Having written a post on Helm, I feel obliged to follow it up with one on Helmfile, a project that addresses some of the issues that I identified with deploying multiple Helm charts. In particular, it provides an alternative approach to the umbrella chart mechanism that Jenkins X uses for deploying the set of charts that represent an environment.
Yet again, we have a go binary, available via brew install helmfile
. At its most basic, we then have a helmfile.yaml
that specifies a set of releases with a name, chart, namespace and override values for each. A helmfile sync
will then perform an install/upgrade for all the releases defined in the file. One thing I failed to mention in my Helm post was that Helm supports plugins on the client side. One such plugin is the helm-diff plugin which, as you’d probably guess from the name, gives you a diff between the current state of a release and what it would look like after an upgrade or rollback. The plugin is installed with:
1 |
helm plugin install https://github.com/databus23/helm-diff --version master |
With this in place, we can now use helmfile diff
to see the changes that would take place across all of our releases. The helmfile apply
command combines this with a sync
to conditionally perform an upgrade only if there are differences. There is a set of other helmfile
commands that all perform aggregate operations across all the releases: delete
, template
, lint
, status
and test
.
So far so good but nothing that couldn’t be achieved with a pretty short bash script. Where things get more interesting is that the helmfile.yaml
is actually a template in the same way as the templates in a Helm chart. This means we can start to do more interesting things like defining values in one place and then reusing them across multiple releases. Helmfile has the explicit concept of an environment, passed in as a parameter on the CLI. We can use a single YAML file and use templating to have different values apply in each environment or, in the extreme, only deploy charts in some environments.
Helmfile also has some tricks up its sleeve when it comes to secrets. Most trivially, if your CI allows you to configure secrets via environment variables you can consume these directly in the helmfile.yaml
. You can also store secrets in version control encrypted in a YAML file and then have another Helm plugin, helm-secrets, decrypt them with PGP or AWS KMS.

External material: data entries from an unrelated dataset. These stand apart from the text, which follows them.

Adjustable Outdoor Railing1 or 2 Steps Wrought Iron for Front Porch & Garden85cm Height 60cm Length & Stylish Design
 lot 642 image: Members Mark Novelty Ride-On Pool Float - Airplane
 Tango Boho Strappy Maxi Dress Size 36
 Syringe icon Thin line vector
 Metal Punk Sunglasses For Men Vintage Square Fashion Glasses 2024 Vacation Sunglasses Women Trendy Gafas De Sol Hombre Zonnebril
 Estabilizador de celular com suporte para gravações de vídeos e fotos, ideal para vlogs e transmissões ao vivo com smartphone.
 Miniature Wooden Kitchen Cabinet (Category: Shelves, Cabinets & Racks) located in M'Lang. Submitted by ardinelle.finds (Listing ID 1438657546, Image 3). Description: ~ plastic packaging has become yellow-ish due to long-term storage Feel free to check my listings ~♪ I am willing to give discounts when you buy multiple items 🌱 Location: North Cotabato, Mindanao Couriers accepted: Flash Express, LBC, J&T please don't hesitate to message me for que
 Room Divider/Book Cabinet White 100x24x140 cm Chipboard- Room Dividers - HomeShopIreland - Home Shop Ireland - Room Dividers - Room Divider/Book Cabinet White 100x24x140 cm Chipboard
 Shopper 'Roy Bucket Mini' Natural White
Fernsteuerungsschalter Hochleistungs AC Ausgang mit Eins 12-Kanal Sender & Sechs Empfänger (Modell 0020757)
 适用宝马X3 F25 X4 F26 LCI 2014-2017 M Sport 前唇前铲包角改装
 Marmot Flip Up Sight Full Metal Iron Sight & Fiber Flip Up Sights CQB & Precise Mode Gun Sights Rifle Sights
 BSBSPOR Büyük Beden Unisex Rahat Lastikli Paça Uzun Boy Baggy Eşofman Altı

Helmfile has some features to help you as the size of your deployment grows. You can, for example, specify a selector on commands to only apply them to matching releases. This can be helpful if deploying all the changes at once is likely to create too much churn in your cluster. You can also split the file into multiple files in one directory (executed in lexical order) or over multiple directories (accessed via a glob syntax).
For anything else, there are prepare
and cleanup
hooks to allow you to execute arbitrary commands before and after deployment. Oh, and if you’re using a containerized deployment pipeline, it’s available packaged up in an image, ready for use. Finally, if you don’t take to Helmfile, take a look at Helmsman instead.